◆一生ツルハシ握って働けというのか
金正恩政権は、1月の労働党大会後に軍兵員の大幅削減に踏み切った。軍服務(兵役)期間は、2020年が男子は13年だったのが8年に、女子は8年だっのたが5年に短縮され、満期に達した兵士たちの除隊が始まっている。人員不足が深刻な分野への労働力の再配置が主目的の「経済政策」の一環だと見ることができる。ところが、当の除隊者の間から不満が噴出している。北部地域に住む取材協力者が実情を調査した。(カン・ジウォン/石丸次郎)
取材協力者は、3月後半から国防省の隊列補充局傘下で兵役事務を担う「軍事動員部」の担当者などに会い、軍に入隊して8年を過ぎた兵士について、特殊な部隊と兵種を除いてすべて除隊させることが決まったことを確認した。
男子の場合、この10数年間の軍服務期間は10~13年間で推移してきたので、2010年頃から入隊した25~35歳の男子が大量に社会に出ることになる(入隊は17~25歳)。
前倒しで兵営生活から解放されるわけで、さぞかし兵士たちは喜んでいるだろうと思いきや、必ずしもそうではない。むしろ除隊後の待遇と配置を巡り不満が噴出しているという。一番の問題になっているのは配置先の件だ。これまで除隊軍人は大学入学の推薦を優先的に得られていたのだが、今年の政府の方針は職場への「集団進出」が優先だ。
「農村出身者は無条件に農村に配置する。そうでない除隊者も、農場、鉱山、炭鉱、建設など男の人手が足りない職場に送る。
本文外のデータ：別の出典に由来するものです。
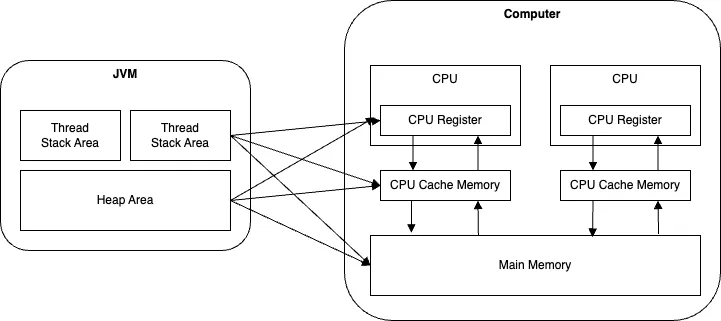 JVM 메모리 구조와 하드웨어 메모리 구조 연결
所属する部隊別、または師団、旅団ごとにまとめて『集団進出』させることになった」
調査した協力者はこう説明する。
本人の希望がまったく考慮されず、誰も行きたがらない職場に送り込まれるため、一般的に「無理配置」と呼ばれている。
「除隊しても実家にも帰れず、銃の代わりに一生涯シャベルとツルハシを振るって働かなければならないのかと、不満が強い」と協力者は述べる。